ARTIST STATEMENT
My work involves a continuous sense of wonder and exploration with materials, shape, form and translucency. The raw authenticity of natural materials is highly compelling to me. I stretch, burn, freeze and manipulate the different characteristics and warm colors of ancient mediums in nontraditional ways. The softness of warmed beeswax, the oiliness of wool, the translucent and heavenly scented honey, and even the slippery nature of sheep intestines, inform me as I work out conceptual issues of ephemeral moments in a human's life, including conception, metamorphosis and death. Most of the photographs I take are of forms that fascinate me in the natural world and farms surrounding my studio. I am fueled by birthing pens and the butchers knife when I turn to my "still life" ephemeral sculptures. There is a conscious decision in my process that the photographs are an end result and not a documentation of a sculpture that does not last. Gravity is a key player in my work and the isolation in black references solitude in the vastness of the universe.
Art for me is where science and the spiritual connect. It is the common thread found in all areas of my life, from my undergraduate anatomy studies, dissecting cadavers late into the night which initiated a lasting interest in the human body, to the awe inspiring act of growing and raising children that opened up an insatiable sense of wonder.
I am deeply influenced by New England-camping in the deep fog banks on the coast of Maine, raising sheep on a pastoral hillside in Massachusetts, hiking the Green Mountains in Vermont, or raising honeybees in my childhood fields of Connecticut. This is evident in the textures and colors of my photographs, sculpture and installations. It is my goal to entice the viewer into a world that taps into a primal instinct.
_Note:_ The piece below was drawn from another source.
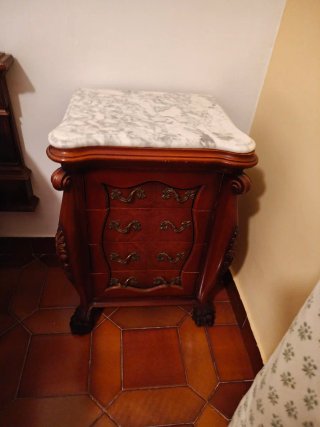 Cómoda de madera con mármol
Perhaps it’s the familiar and repetitive form of an organ, the smell of raw wool, or the translucency of dried intestines that takes the viewer to an unidentifiable place; an imaginative, internal, maybe ancient place. The teeth and hair from my children, love poems written to my husband, even the fur from the animals in our family all visibly or invisibly personalize my work and provokes a visceral recognition and an internal shift.